_What is needed_
From the first line of the material to the line containing "Soleira Porta Dianteira", inclusive, write out each line exactly, leaving out the pictures.

Start of Extracted information

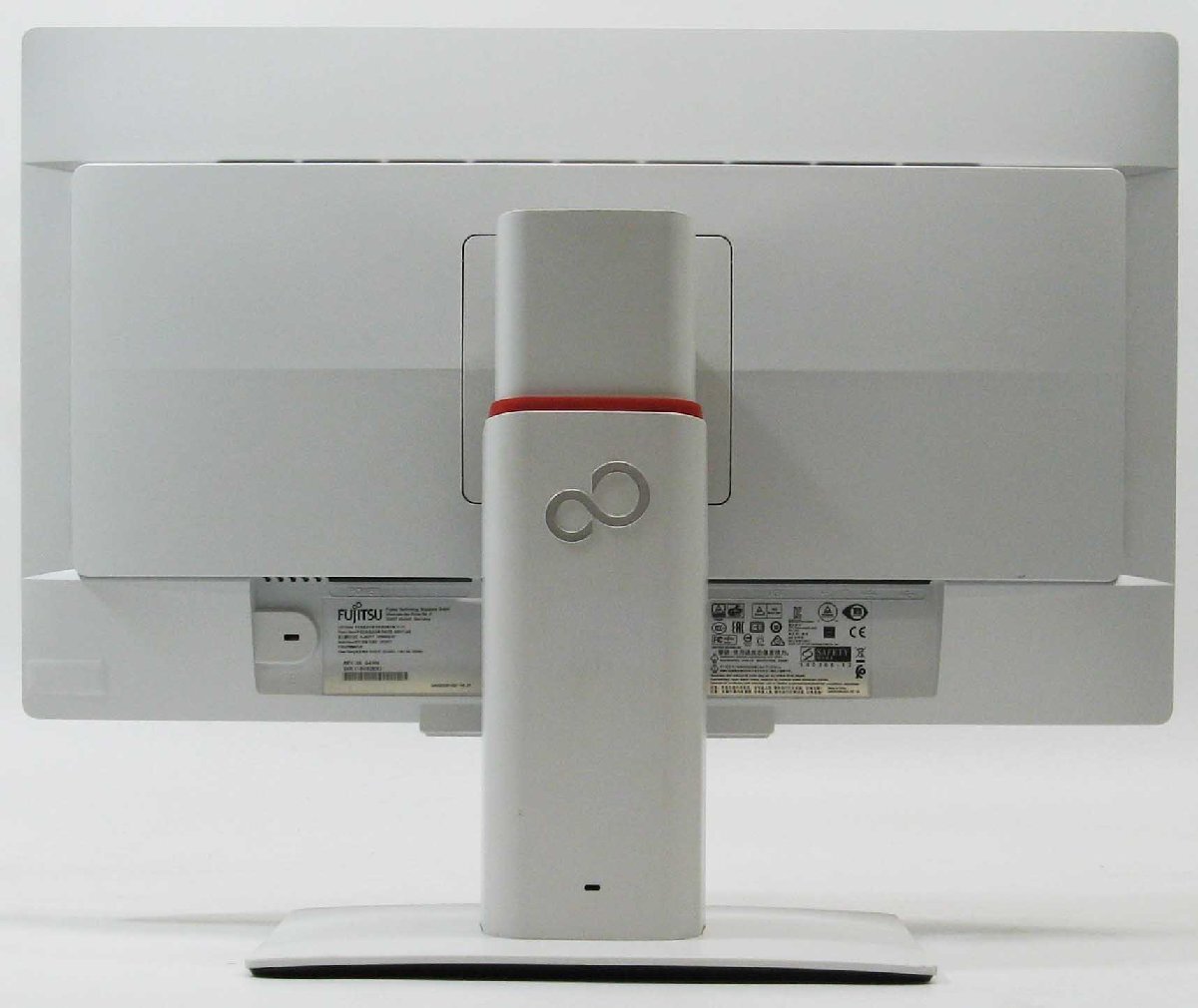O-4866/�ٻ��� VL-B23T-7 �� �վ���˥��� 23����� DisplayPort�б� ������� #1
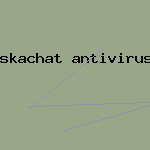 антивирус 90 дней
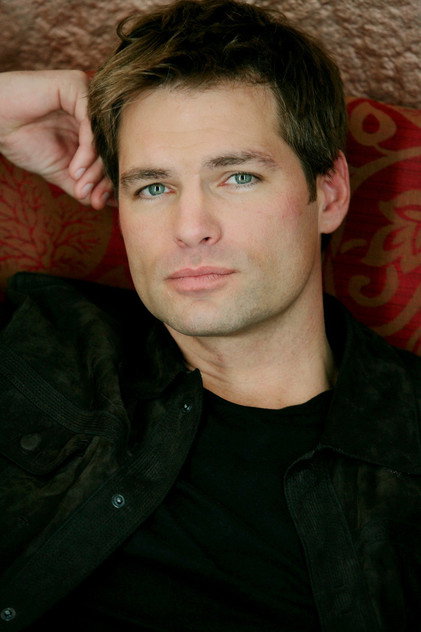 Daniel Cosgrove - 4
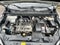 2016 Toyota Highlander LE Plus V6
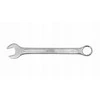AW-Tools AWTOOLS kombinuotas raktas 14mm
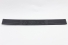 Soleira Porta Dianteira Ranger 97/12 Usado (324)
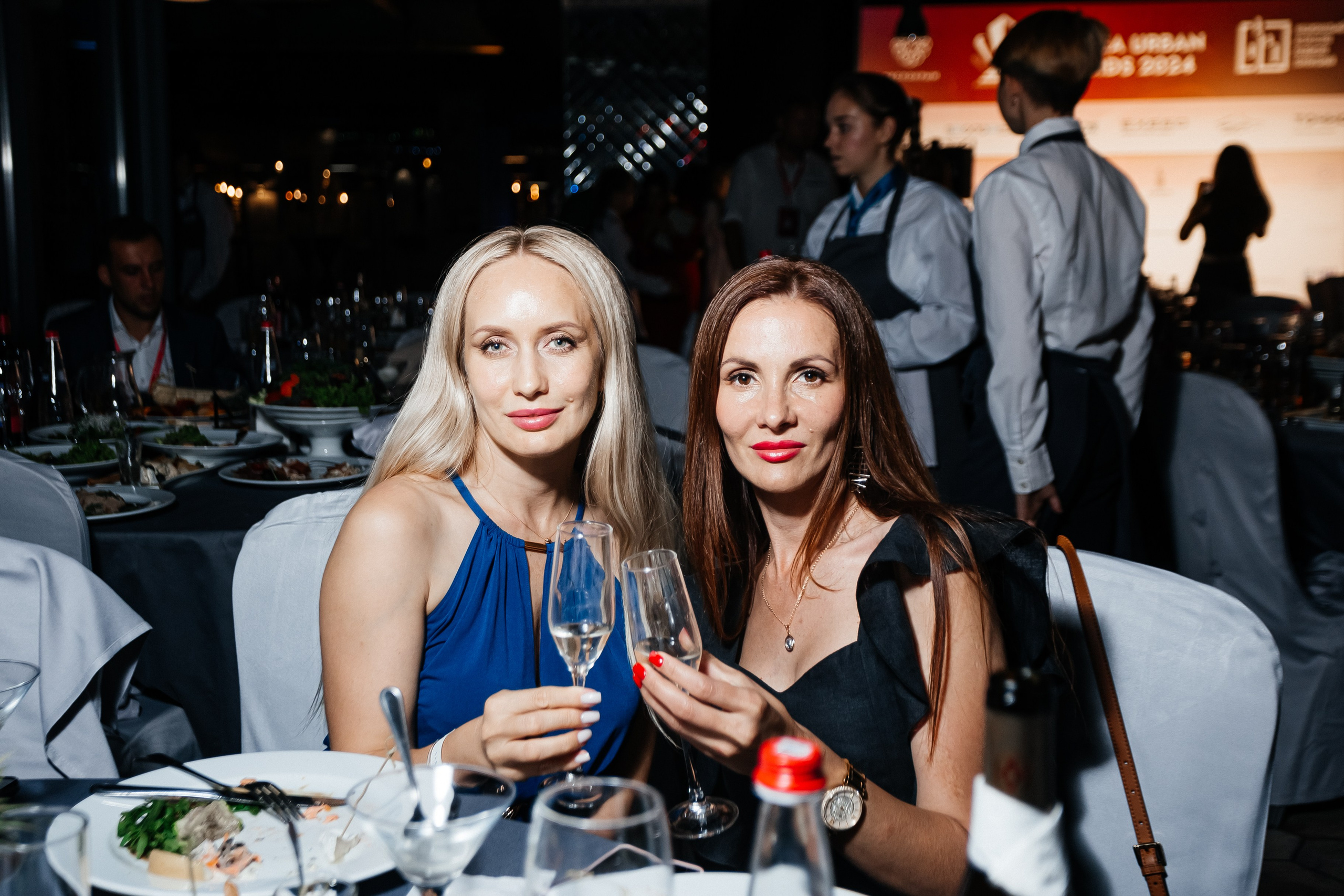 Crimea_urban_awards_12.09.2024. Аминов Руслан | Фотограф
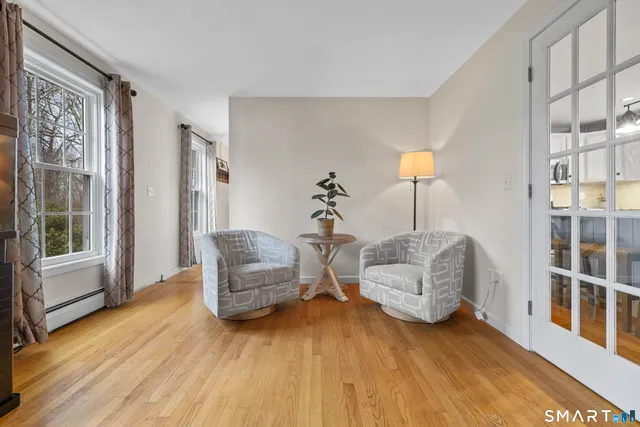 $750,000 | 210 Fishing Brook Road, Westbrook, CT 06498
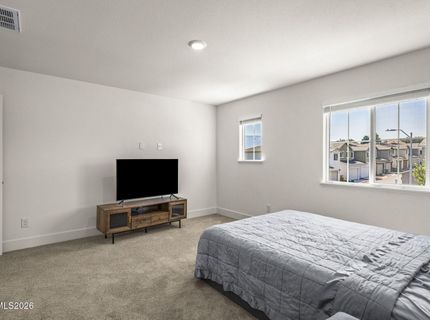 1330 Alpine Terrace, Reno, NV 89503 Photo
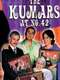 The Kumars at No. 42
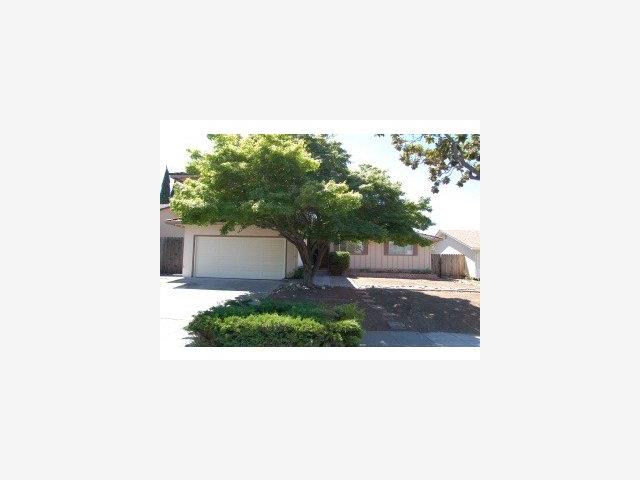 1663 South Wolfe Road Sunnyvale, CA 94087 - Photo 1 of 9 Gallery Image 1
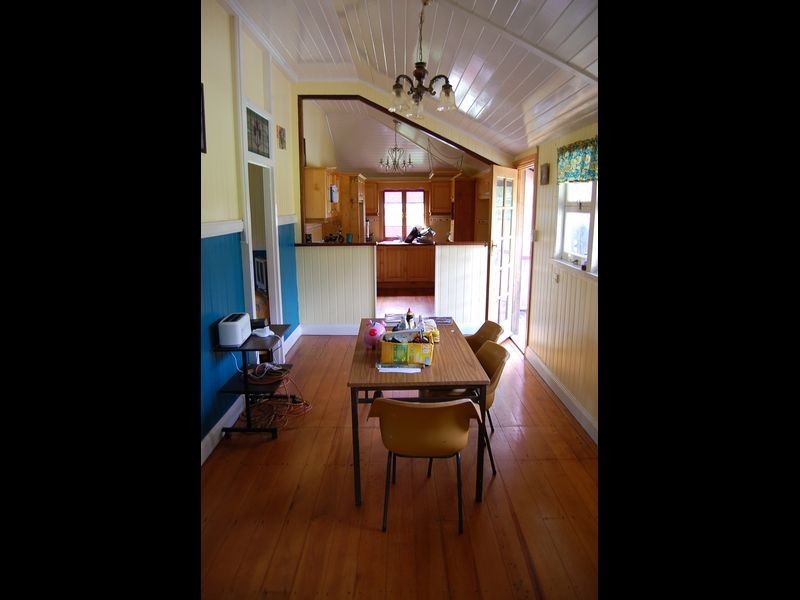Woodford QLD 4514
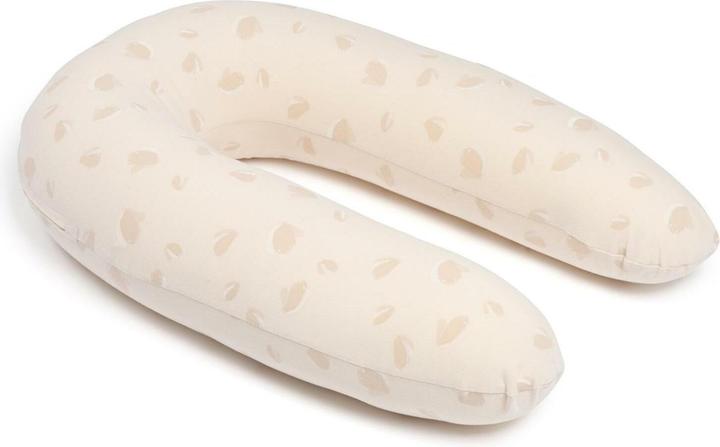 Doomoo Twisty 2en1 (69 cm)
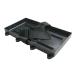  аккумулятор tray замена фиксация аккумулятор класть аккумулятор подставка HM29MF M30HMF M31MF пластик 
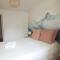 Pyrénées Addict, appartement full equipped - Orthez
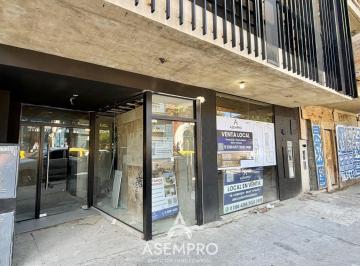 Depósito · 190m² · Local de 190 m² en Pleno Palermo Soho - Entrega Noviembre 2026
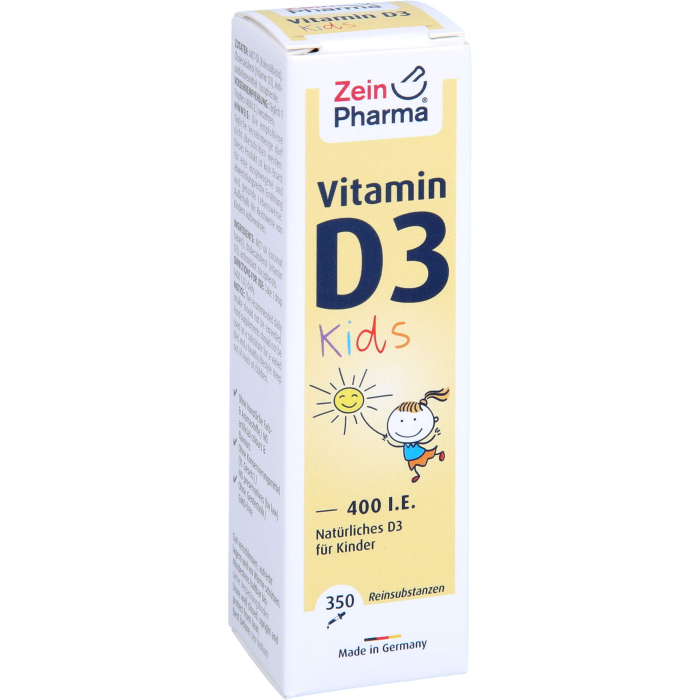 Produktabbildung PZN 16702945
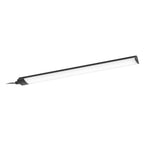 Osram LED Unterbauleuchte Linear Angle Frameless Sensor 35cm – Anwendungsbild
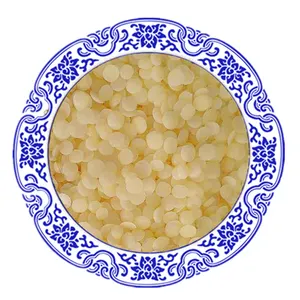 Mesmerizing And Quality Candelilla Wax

End of Extracted information

_Answer section_
O-4866/�ٻ��� VL-B23T-7 �� �վ���˥��� 23����� DisplayPort�б� ������� #1
 антивирус 90 дней
 Daniel Cosgrove - 4
 2016 Toyota Highlander LE Plus V6
AW-Tools AWTOOLS kombinuotas raktas 14mm
 Soleira Porta Dianteira Ranger 97/12 Usado (324)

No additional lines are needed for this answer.